R. Dichoso el pueblo que el Señor se escogió como heredad.
El salmo 32, dividido en 22 versículos, tantos cuantas son las letras del alfabeto hebraico, es un canto de alabanza al Señor del universo y de la historia. Está impregnado de alegría desde sus primeras palabras: "Aclamad, justos, al Señor".
VV. 1-3: Invitación a la alabanza, con acompañamiento musical. Los «buenos» o «justos» son la comunidad litúrgica del pueblo escogido. Alabanza y acción de gracias se encuentran con frecuencia unidas.
VV. 10-12: El plan de Dios frente a los planes humanos: es un plan de salvación, que se realiza en la elección de un pueblo, y no tiene término.
VV. 16-19: La salvación: referida a la situación bélica y al peligro mortal del hambre.
VV. 20-22: Conclusión del himno, añadiendo el tema de la confianza y una breve súplica final.
El plan de Dios es un plan de salvación que no pueden frustrar los planes humanos adversos; que incorpora en su realización las acciones de los hombres, conocidos por Dios. La confianza, como enlace del hombre con el plan de Dios, se convierte en factor histórico activo, para encarnarse en la historia de la salvación.
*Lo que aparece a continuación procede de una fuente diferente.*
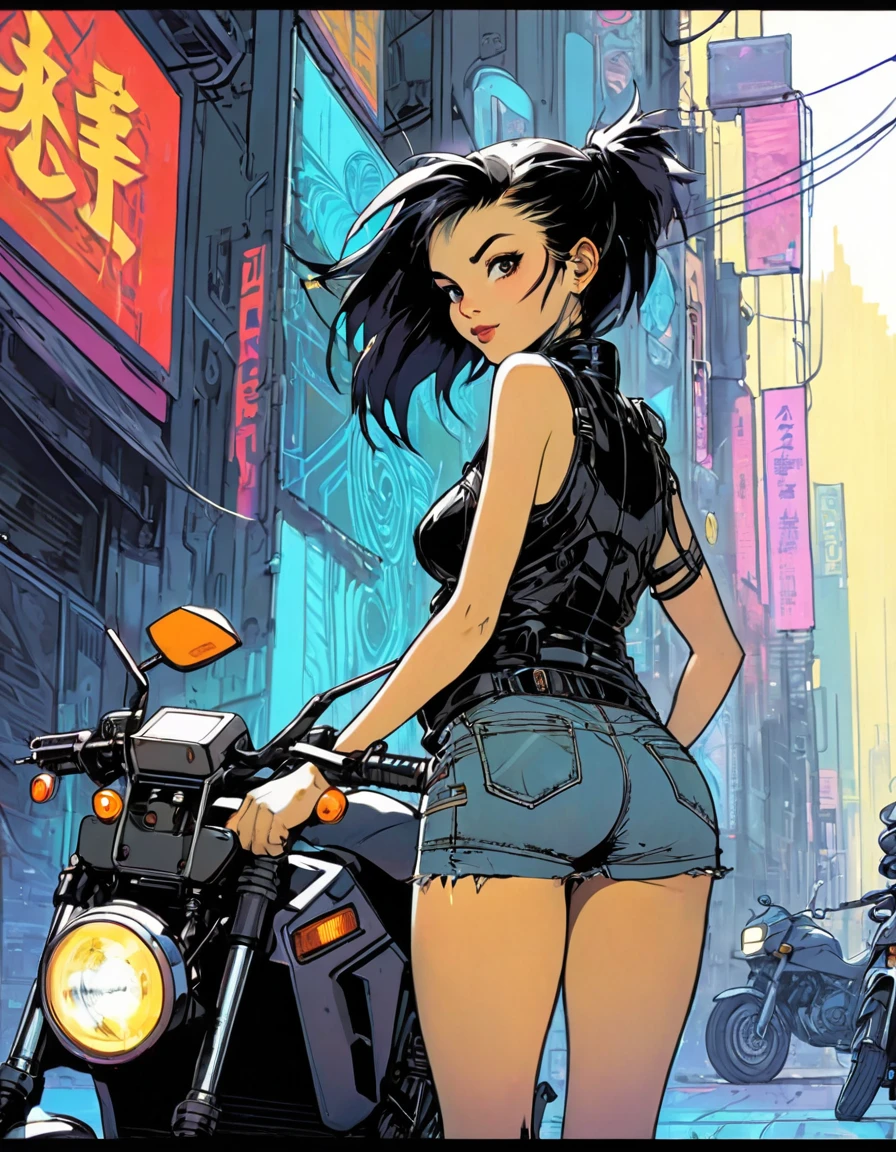 (((beautiful detailed)))(cute face:1.2)1girl,thumbs up, (Girl carrying a motorbike on her shoulder:1.5),looking back,(ground-level shot:1.2),cyberpunk,Cyberpunk shrine in background(sharp lines:1.2)(clear line:1.2),(eye details:1.3)(thick border:1.4),line drawing, animation cel style((masterpiece, high quality, best quality)),trillwave,90s style,Lineartnime (art inspired by Bill Sienkiewicz). oil painting, details of brush strokes that enhance depth)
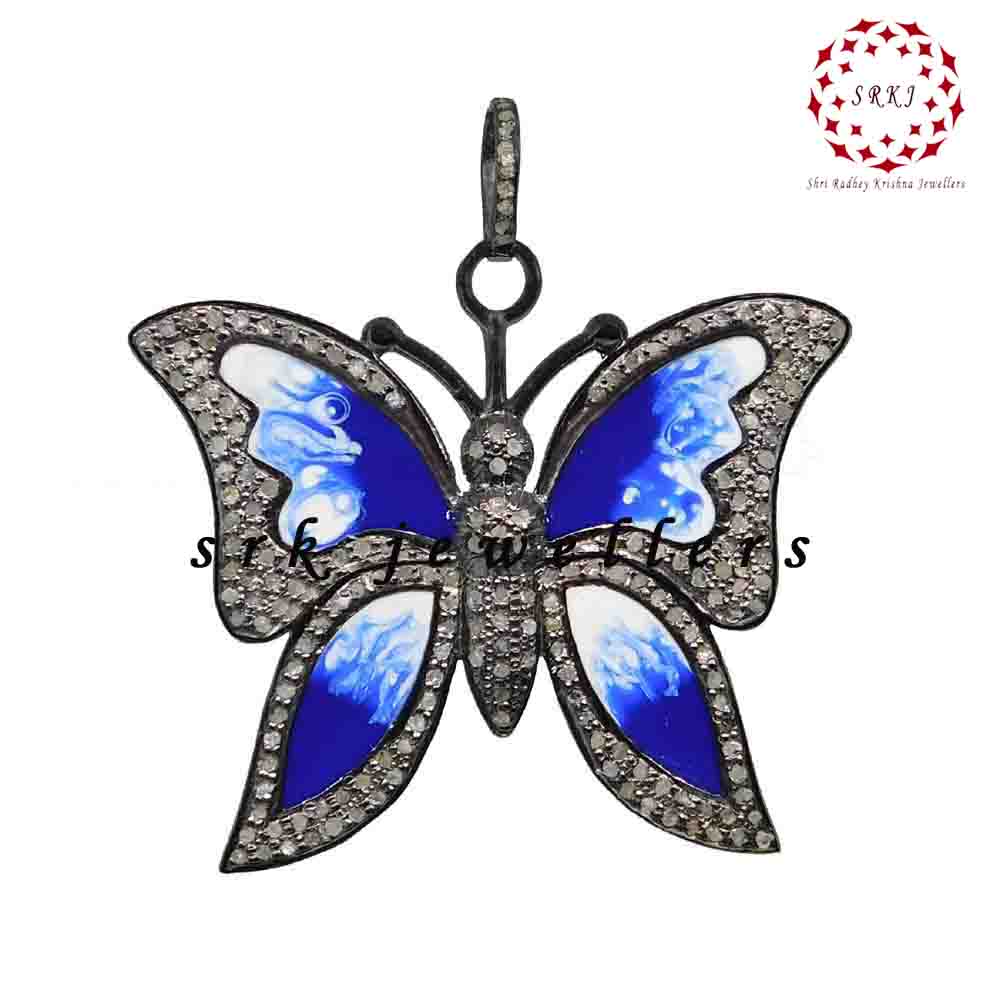 Antique Finish Designer Enamal Butterfly Pave Diamond Silver Pendent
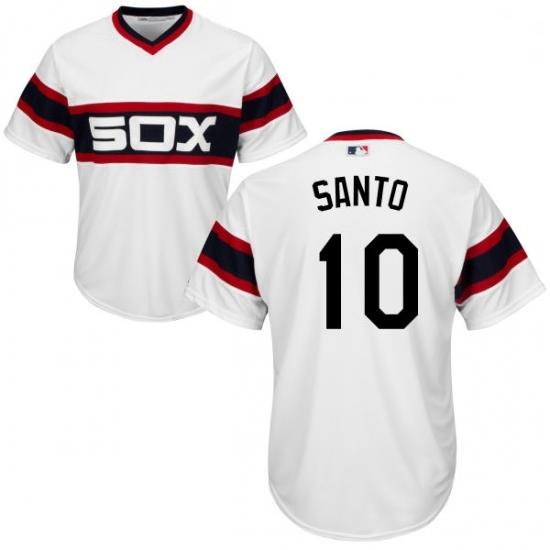 Mens Majestic Chicago White Sox 10 Ron Santo White Alternate Flex Base Authentic Collection MLB Jersey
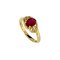 925 Sterling Silver Yellow Gold 18K Ring with Ruby and White Topaz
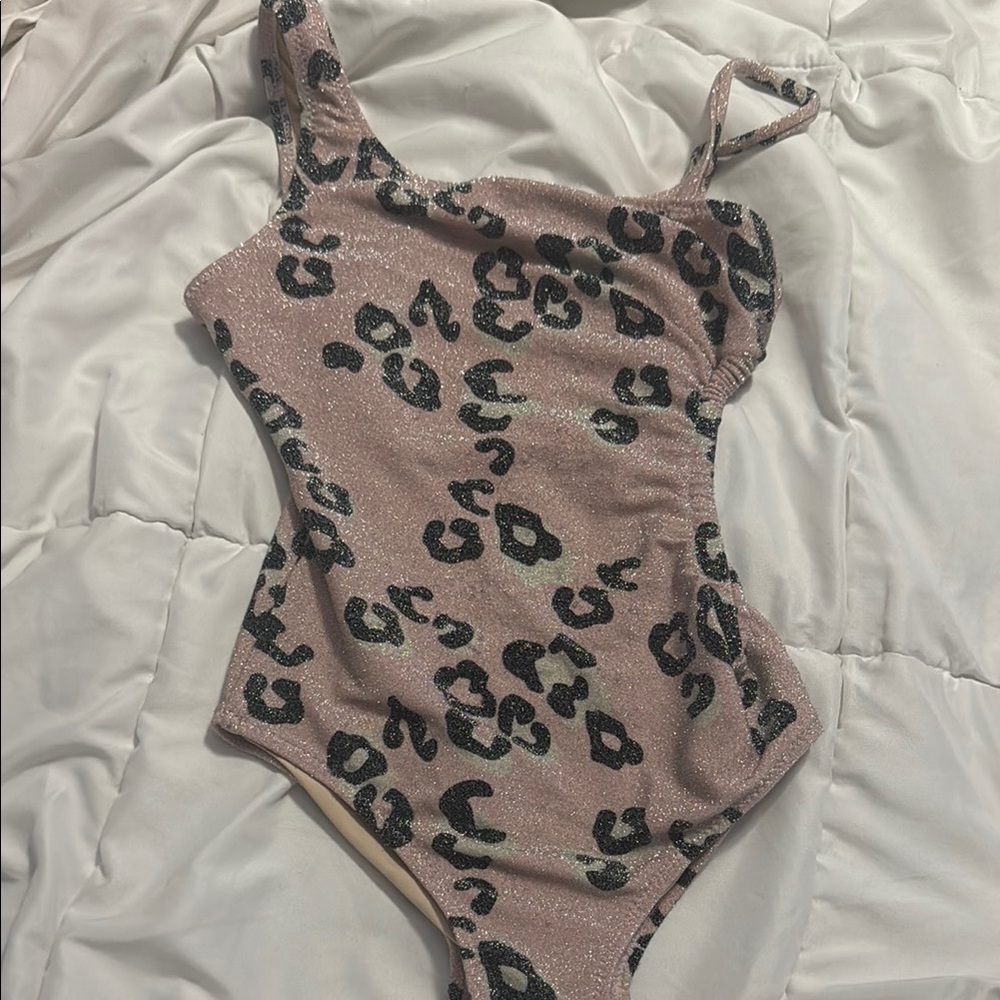 Girls Glitter Leopard One-Piece Swimsuit - Pink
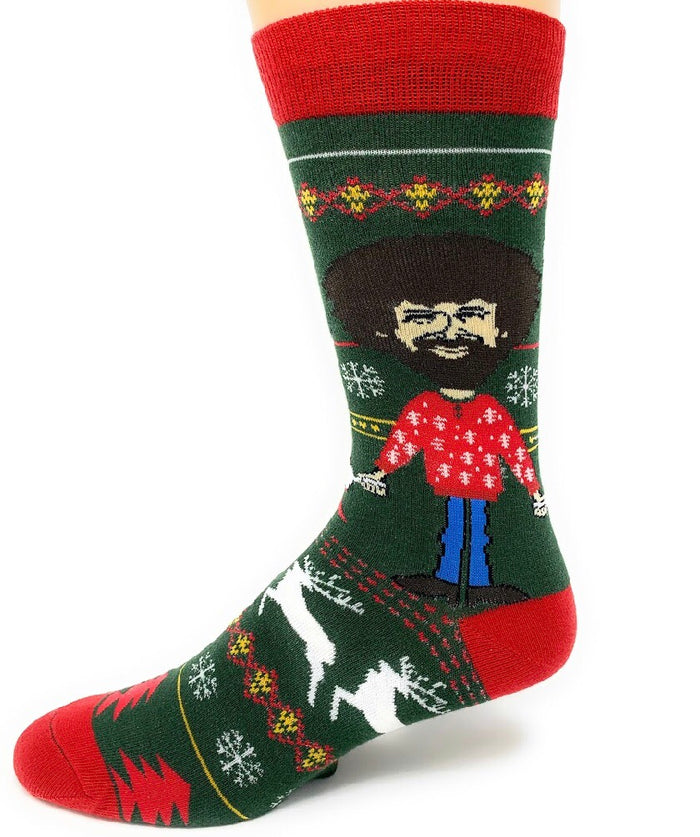 BOB ROSS Men’s UGLY CHRISTMAS SWEATER Socks OOOH YEAH Brand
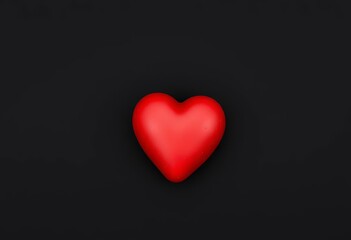 A single vibrant red heart rests on a black background Top view, still life, black paper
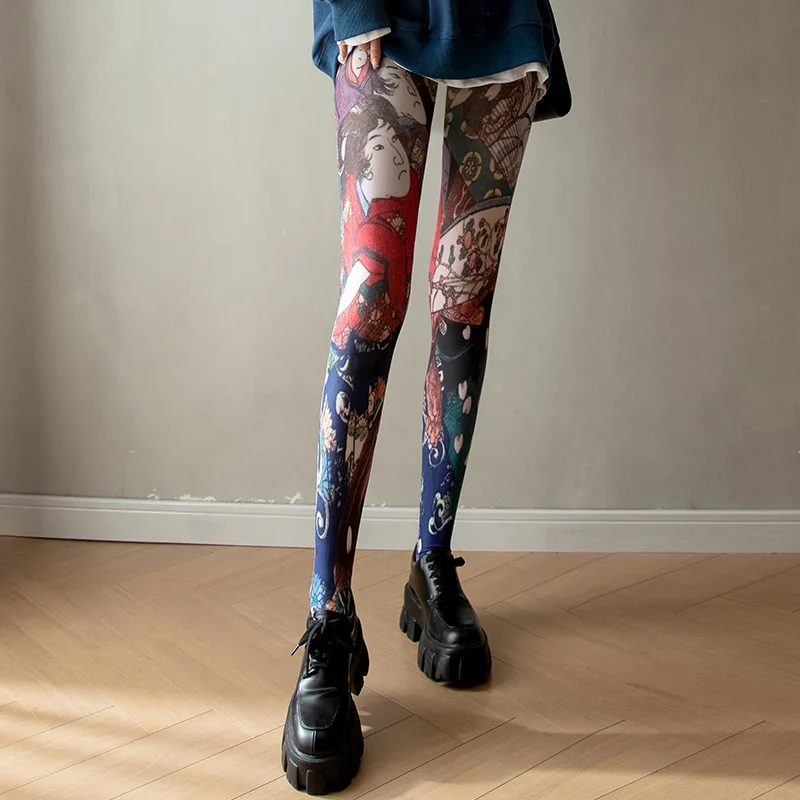 Individualistic Japanese-style Painting Tights Woman Colorful Medias Socks Transparent Thin Y2K Pantyhose Party Club Stockings.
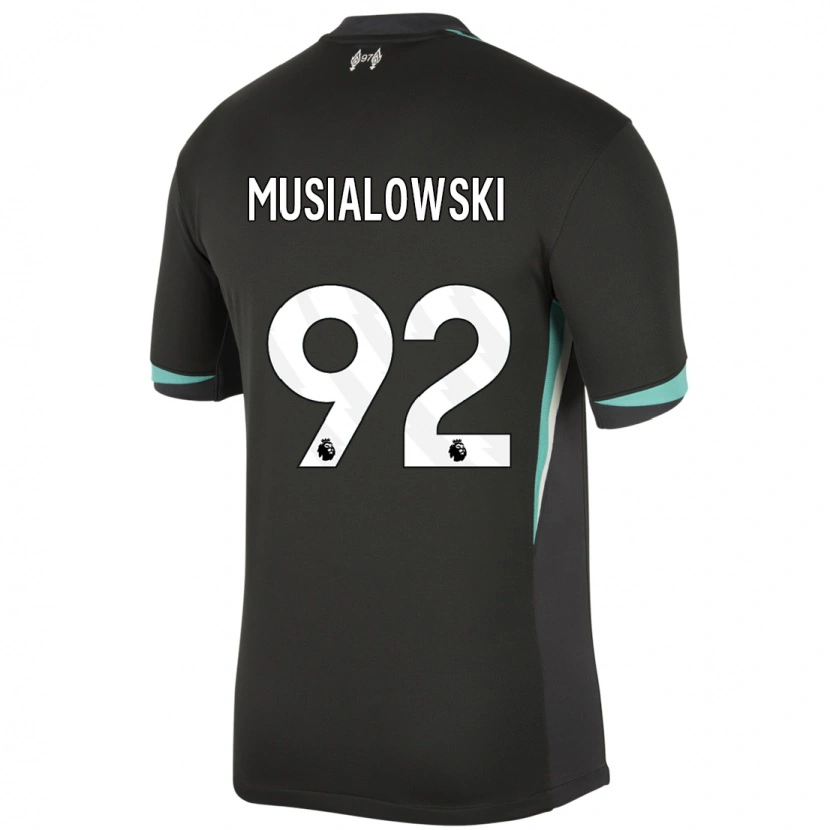 Danxen Niño Camiseta Mateusz Musialowski #92 Negro Antracita Blanco 2ª Equipación 2024/25 La Camisa México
Como el plan de salvación de Dios no tiene límites de espacio o de tiempo, así este salmo queda abierto hacia el desarrollo futuro y pleno de dicha salvación, queda disponible para expresar la confianza de cuantos esperan en la misericordia de Dios.-- [L. Alonso Schökel]
El himno concluye con el canto de una antífona que ha entrado en el final del Te Deum: «Que tu misericordia, Señor, venga sobre nosotros, como lo esperamos de ti» (v 22), que prorrumpe del corazón de la comunidad, que lo espera todo del Señor, al que invoca como auxilio y escudo (v 20).
 
La segunda lectura es de la carta a los Hebreos  (Hb 11, 1-2. 8-19). El texto forma parte de la epístola dirigida a unas comunidades que viven en medio de un mundo hostil. A muchos cristianos les parecía que el evangelio era una utopía poco menos que irrealizable y empezaban a desfallecer ante las persecuciones, algunos abandonaban incluso la iglesia (cfr. 10,25). Por eso el autor les exhorta a la perseverancia y a la fidelidad. Recurre, para conseguir el efecto deseado, a los ejemplos bíblicos, sobre todo al ejemplo de Abrahán. No pretende dar una definición de la fe, sino destacar aquellos rasgos fundamentales que obtuvo la fe en los grandes creyentes y que convenía recordar a los que vacilaban: la firmeza en la esperanza, que anticipa los bienes futuros, y el convencimiento de lo que aún está por ver y por venir. La fe, como respuesta a la palabra de Dios que tiene el carácter de promesa, es inseparable de la esperanza.
Lo mismo que los hebreos del siglo I, Abraham conoció la emigración, la ruptura respecto al medio familiar y nacional (v. 8) y la inseguridad de las "personas desplazadas". Pero en esas pruebas encontró motivo para ejercer un acto de fe en la promesa de Dios. Tanto él como sus hijos vivieron también como nómadas (v. 19).
El creyente, en efecto, es un peregrino; está en el mundo pero no se vincula a él, porque ya ha gustado los bienes invisibles. Así, el periplo de Abraham no le lleva tan solo a una ciudad terrestre (esa Jerusalén en que los primeros cristianos deseaban penetrar), ni a una tierra prometida material, sino a la ciudad invisible (v. 10) que constituye la vida con Dios. La fe enseña a no darse por satisfecho con los bienes tangibles ni con esperanzas inmediatas: se verifica en la espera, el alejamiento del final del camino, la inmaterialidad del fin perseguido.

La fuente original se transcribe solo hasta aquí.